■ Required work:
Leave every picture out and print exactly the lines that run from the one containing "Border Collie and" to the end of the listing.

■ Supplied information:
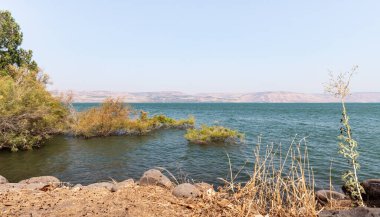 Kinneret - Celile Denizi - Kuzey İsrail 'de Capernaum yakınlarında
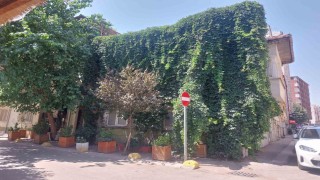 Eskişehirde doğa, evle bütünleşti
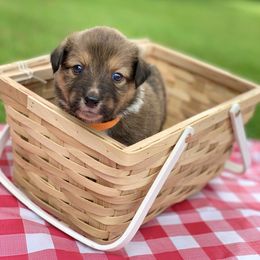 Border Collie and English Shepherd Puppies from Kefi Collie Co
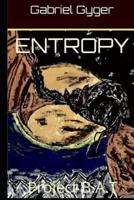 Entropy: Project  B.A.T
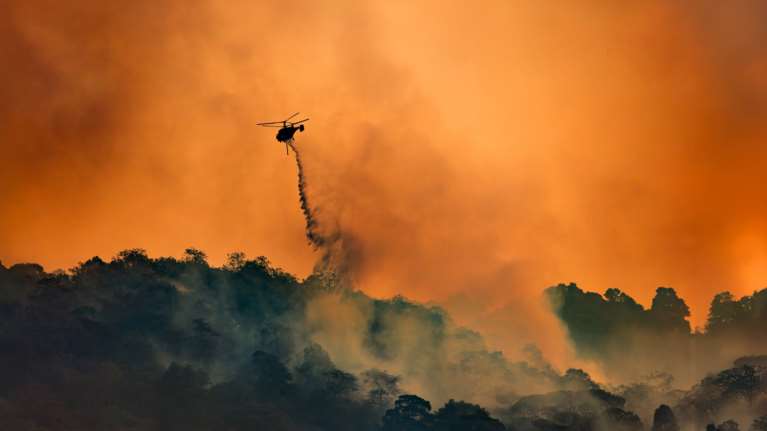 Λέσβος: Προσήχθη 55χρονος που ομολόγησε την πρόκληση τεσσάρων πυρκαγιών σε μία ημέρα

■ Answer box:
 Border Collie and English Shepherd Puppies from Kefi Collie Co
 Entropy: Project  B.A.T
 Λέσβος: Προσήχθη 55χρονος που ομολόγησε την πρόκληση τεσσάρων πυρκαγιών σε μία ημέρα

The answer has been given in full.